The ubiquity of such dyads (e.g. conservative/liberal) and dyadic relationships (e.g. binary oppositional, complementary and unitary) across almost all domains of knowledge (e.g. politics, philosophy and science) makes for a topic worthy of attention. As C. G. Jung (1991) surmised, ‘The idea of the pairs of opposites is as old as the world’ (p. 72). These dyads and dyadic relationships are not just abstract or metaphysical concerns and constructions; rather, they have concrete expressions in everyday lives. Dyads or polarities allow us to orientate ourselves – to move, to act, to choose, to know and to be – within the most mundane and profound domains of life. We can be taller or shorter, faster or slower, happier or sadder, for better or worse. Dyads allow us to locate our ways of knowing (i.e. epistemologies) and being (i.e. ontologies) in relation to the knowing and being of others. Dyads allow us to be and to belong in relation to the being and belonging of others. We can be apart or together, in love or in hate, included or excluded, conservative or liberal and structured or spontaneous.

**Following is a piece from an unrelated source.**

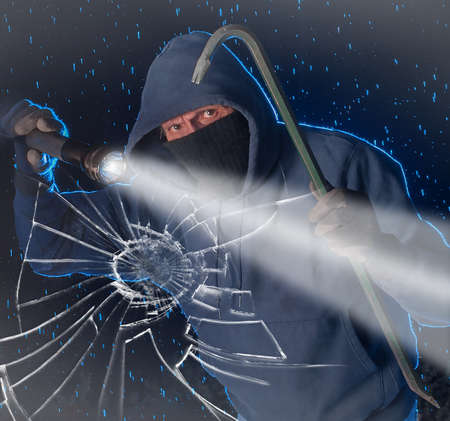 Burglar prowling on a rainy night looking to break into a houseの写真素材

Dyads are enablers of difference and decision that make knowing powerful and being meaningful. We can give or take, create or destroy, analyse or synthesise and let go or hold on. Finally, we can relate dyadic constituents through opposition, complement, dialectic, negation, union and paradox. These dyadic relationships both create and reflect the worlds we live in, the meanings and values we make and the wicked problems and challenges we face. Dyadic relationships provide a structure for understanding the problems and challenges that give meaning to our individual and social ways of being and knowing – what I term onto-epistemological developments. Accordingly, my elaborative project is to sketch out some bi-relational locations and dynamics – much like a cartographer plots lines of longitude and latitude between poles – to help identify and navigate some of our most complex human terrains and wicked problems.
Of course, one cannot talk meaningfully about two (i.e. a dyad) without locating it among discussions of zero, one, three and infinity. Accordingly, the aim of this book is to explicate and engage an existential riddle at the core of human development:
What becomes one
Which then becomes two
Which then becomes something
That is often thought of
And may well be fought of
As Zero
Or One
Or Two
Or Three
Or even by some
As In-fin-ity?
(Note that I have used capitalisation to emphasise a more delevoped or encompassing way of knowing a concept, e.g. One rather than one.) Riddle-solving is, of course, a ridiculously serious business, and I think it is fair to say that nihilists, monists, dualists, triadists, multiplists and infinitarians have contested their solutions to this wicked problem as much with the sword as with the stylus since knowing and being began. Indeed, such contestations are as modern as they are ancient.
Twenty-two centuries ...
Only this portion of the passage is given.